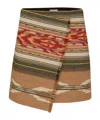 Isabel Marant Étoile Multicolor Adelaide Miniskirt In Camel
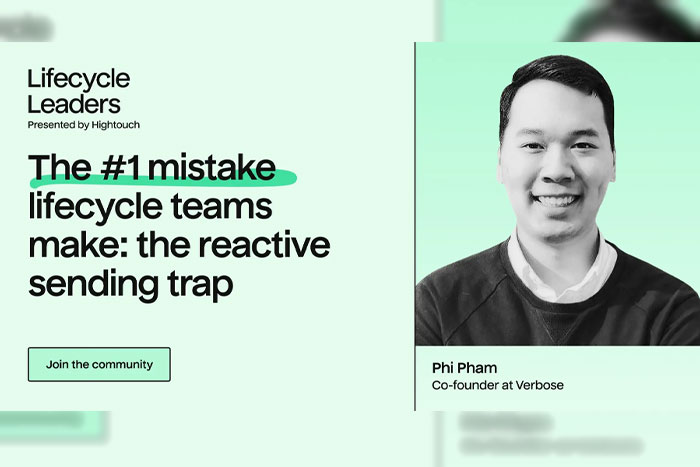 The #1 Mistake Lifecycle Teams Make: The Reactive Sending Trap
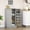 Gray + MDF, variant on Blue 41 Kitchen Pantry Storage Cabinet with 12 Door Shelves, Freestanding MDF Cabinet for Dining Room, Adjustable Shelves for Small Spaces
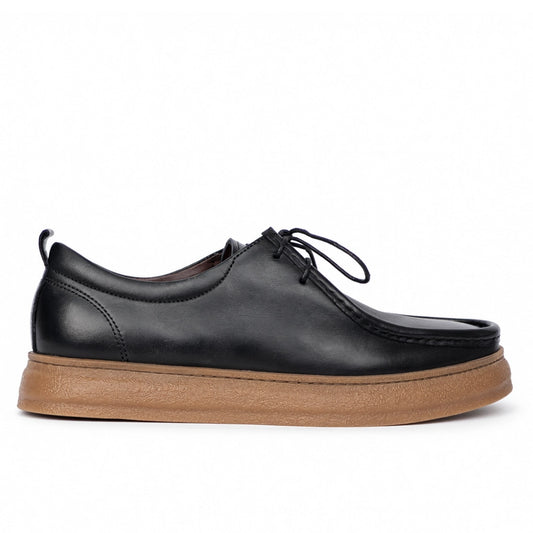 OR15 : Derby Mocassin en Cuir Noir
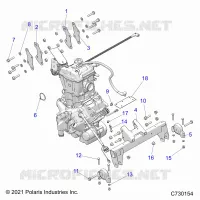 ENGINE, TRANSMISSION MOUNTING &amp; LONG BLOCK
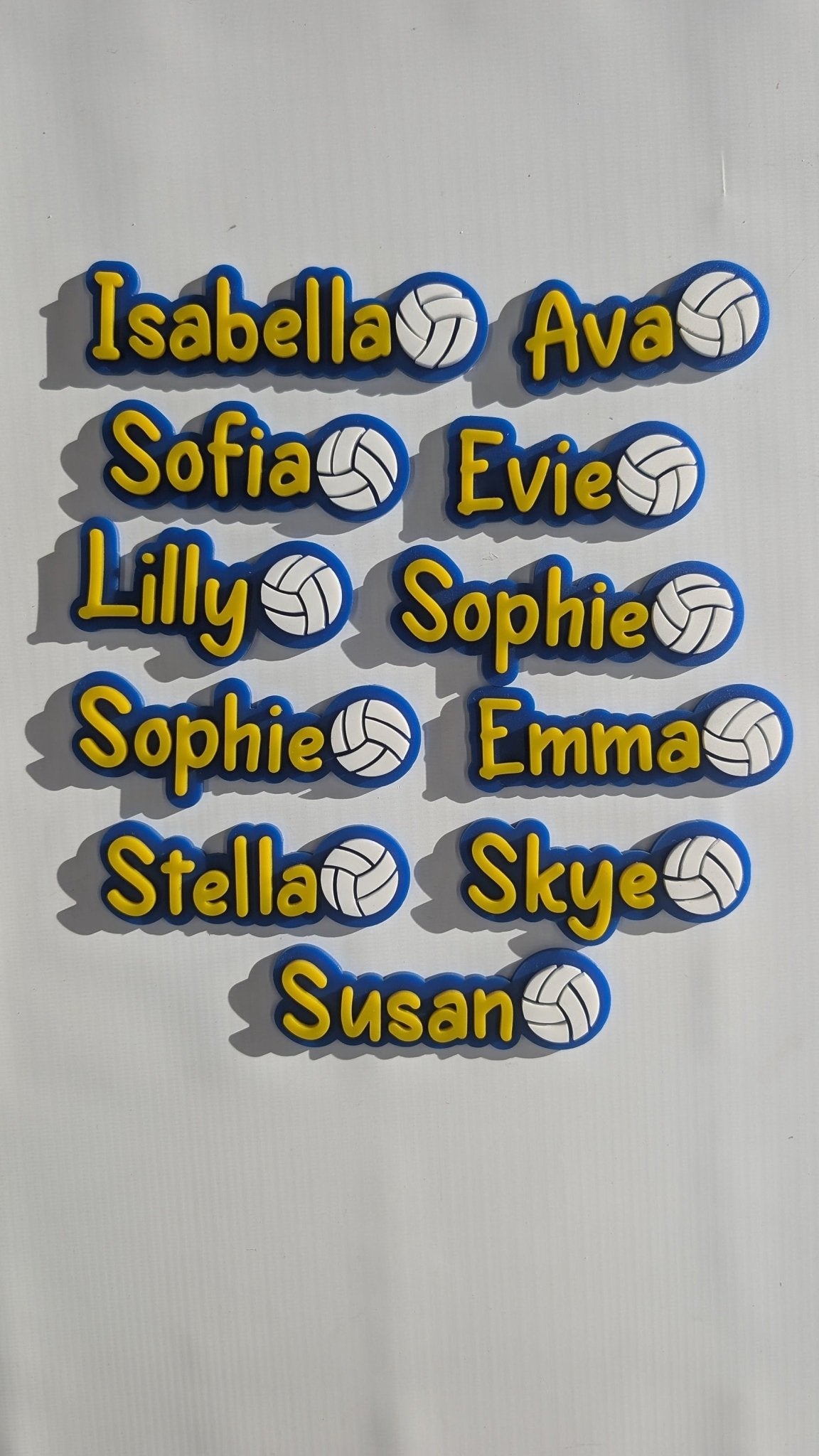 netball_keyring - sunniecreations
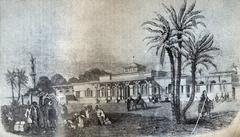 Historical illustration of the predecessor of Cairo Station from Railway Magazine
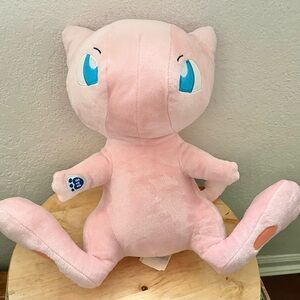New Build A Bear Mew Pokemon Exclusive  14" Plush Retired BAB No Sound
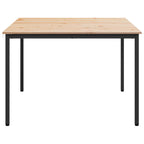 Mesa de Comedor Natural 110 x 110 x 75 cm Madera de pino macizo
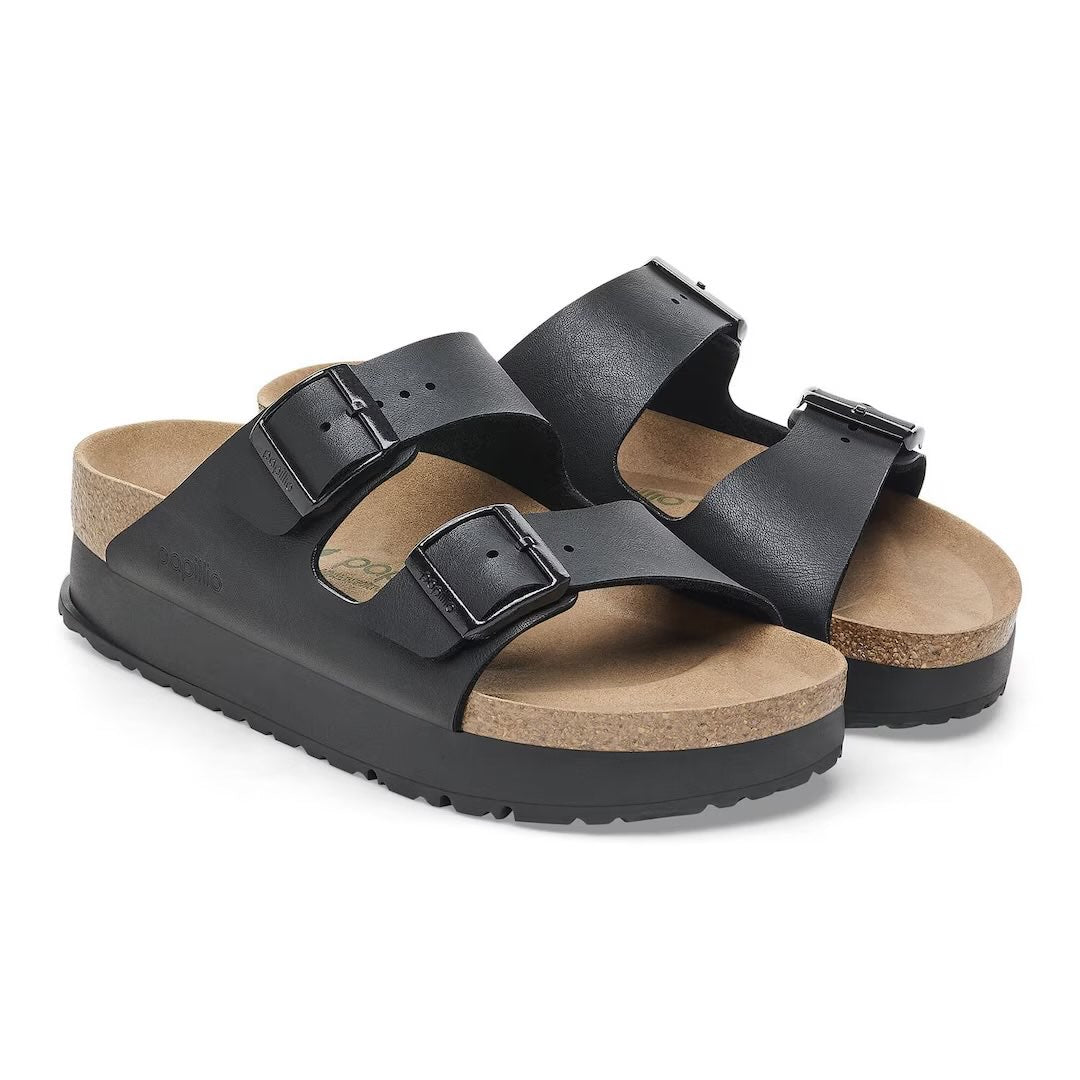 BIRKENSTOCK ARIZONA FLEX PLATFORM nero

###

=== Task objective ===
Write the listing out in full, exactly; no images.

=== Response to the task ===
 Isabel Marant Étoile Multicolor Adelaide Miniskirt In Camel
 The #1 Mistake Lifecycle Teams Make: The Reactive Sending Trap
 Gray + MDF, variant on Blue 41 Kitchen Pantry Storage Cabinet with 12 Door Shelves, Freestanding MDF Cabinet for Dining Room, Adjustable Shelves for Small Spaces
 OR15 : Derby Mocassin en Cuir Noir
 ENGINE, TRANSMISSION MOUNTING &amp; LONG BLOCK
 netball_keyring - sunniecreations
 Historical illustration of the predecessor of Cairo Station from Railway Magazine
New Build A Bear Mew Pokemon Exclusive  14" Plush Retired BAB No Sound
 Mesa de Comedor Natural 110 x 110 x 75 cm Madera de pino macizo
 BIRKENSTOCK ARIZONA FLEX PLATFORM nero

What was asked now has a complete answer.